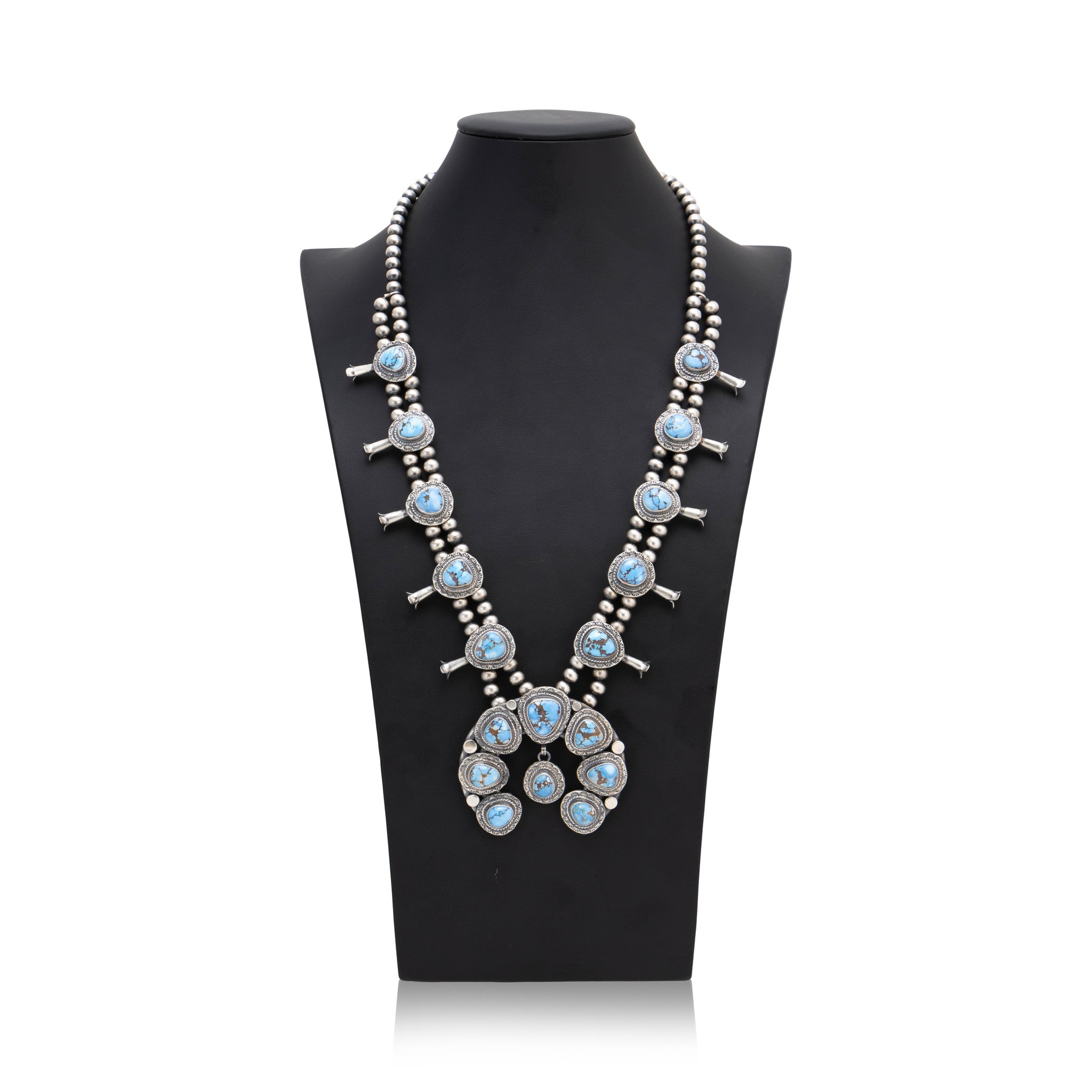 Golden Hill Turquoise Squash Blossom Set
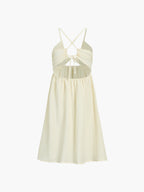 Backless Criss-Cross Midi Dress with a Sleek Side Split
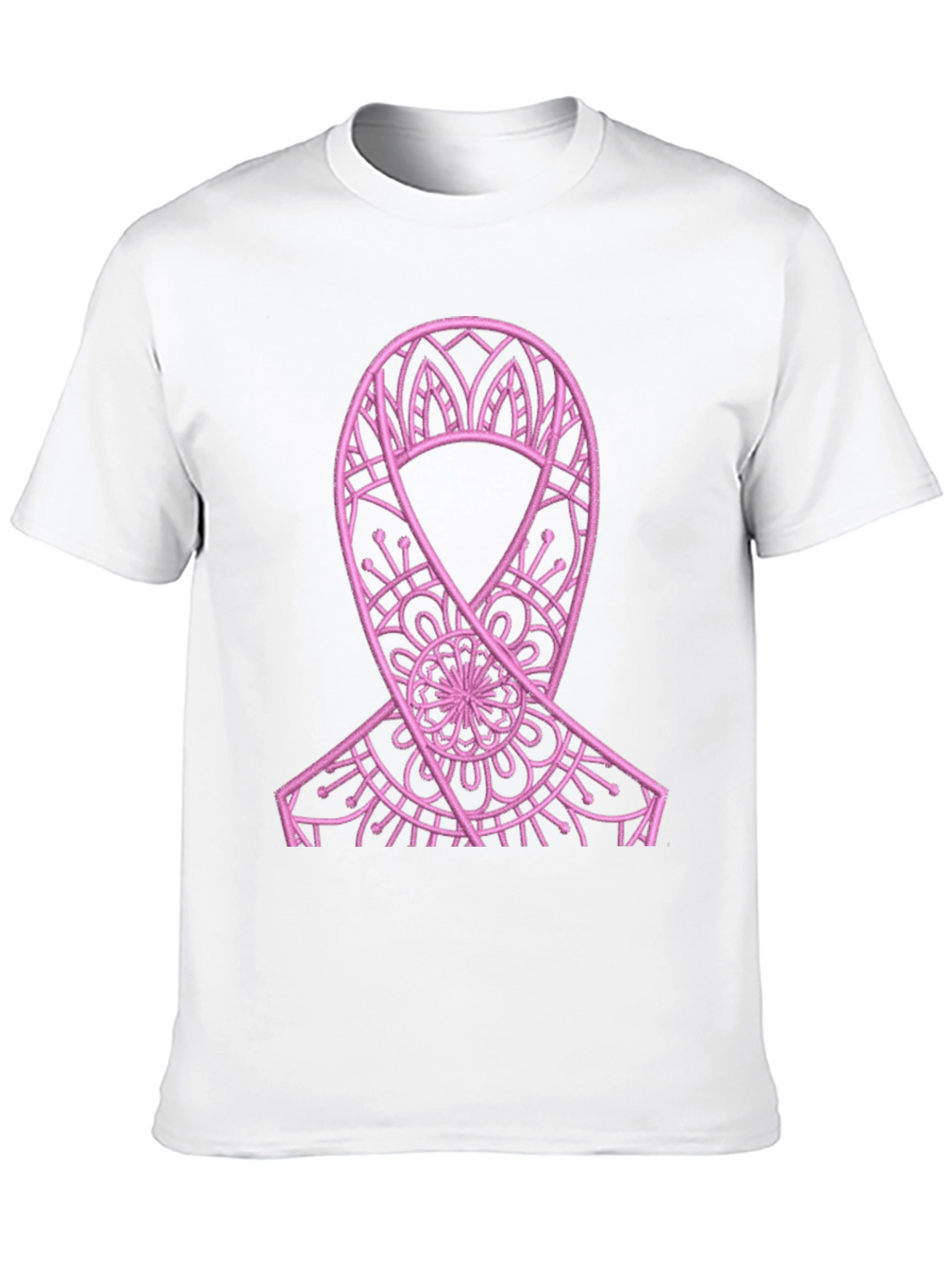 Pink Ribbon Mandala Black Tee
□ □ □ □ □ □ □
(Problem to work on): Without changing a word, restate the listing above; the pictures stay out.

(Solution to this exercise):
 Golden Hill Turquoise Squash Blossom Set
 Backless Criss-Cross Midi Dress with a Sleek Side Split
 Pink Ribbon Mandala Black Tee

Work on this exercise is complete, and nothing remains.